T-Mobile’s Q1 2013 Shows 500K iPhone 5 Sales In One Month, Signs The ‘Un-Carrier’ Plan Is Working

Posted: May 8, 2013 in Technology

20130508-210016.jpg T-Mobile USA has reported its first quarter earnings
for 2013, and this marks the first reporting period ever
that the newly rebranded “Un-Carrier” has included
iPhone 5 sales, which began at T-Mobile April 12,
prompting line-ups of interested customers. 500,000
new iPhone 5s were sold during the few weeks they’ve been available so far, T-Mobile reports.

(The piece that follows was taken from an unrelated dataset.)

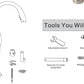American Imagitions AI-34391 12" Stainless Steel Stainless Steel Modern Kitchen Sink Faucet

Unlike some other carriers, T-Mobile doesn’t state
what percentage of those went to new customers,
saying simply that those 500,000 went to a mix of
“new and existing customers.” But we can still do a
fair comparison of straightforward sales, as Sprint
sold 1.5 million iPhones during its most recent quarter, which was a mix of all device types, not just
the iPhone 5. That means interest was relatively
strong at T-Mobile, since it managed to bring in one-
third of that total for the iPhone 5 alone in just a third
of the time. That’s an indication that T-Mobile’s $99 pricing of the
iPhone (which is offset by a monthly device lease for
subscribers) is likely working well. What isn’t clear yet
is how well the Un-Carrier scheme is working: T-
Mobile added 3,000 net branded customers during the
quarter, but lost 199,000 postpaid subscribers and added 202,000 prepaid users. Those adopting the new
Un-Carrier plans still count as postpaid customers,
even though they don’t have fixed term contracts. Like the iPhone 5, the Un-Carrier plans have only
been around for about a month of the total quarter, but
there are still signs that despite the continued
disparity between postpaid and prepaid growth,
customers are coming around. Postpaid churn (loss
of subscribers) was 1.9 percent, which is the lowest since the second quarter of 2008. The 199,000
subscriber loss was also a 61 percent improvement
over the postpaid decline in Q1 2012, meaning that
while the carrier still didn’t see positive growth, it may
be on the way to turning things around. In terms of earnings, T-Mobile reported $1.2 billion in
EBITDA for the quarter, a sequential improvement of
12.4 percent, but a year-over-year decrease of 7.5
percent. ARPU for branded postpaid declined by 6.3
percent, which T-Mobile says is the result of
customers embracing their Value and Simple Choice plans. ARPU for prepaid is increasing, up 11.3
percent, but there’s still a wide gap between the two.
Going forward, watching how ARPU is affected by the
Un-Carrier plans will be a key metric for determining
T-Mobile’s success with that new initiative.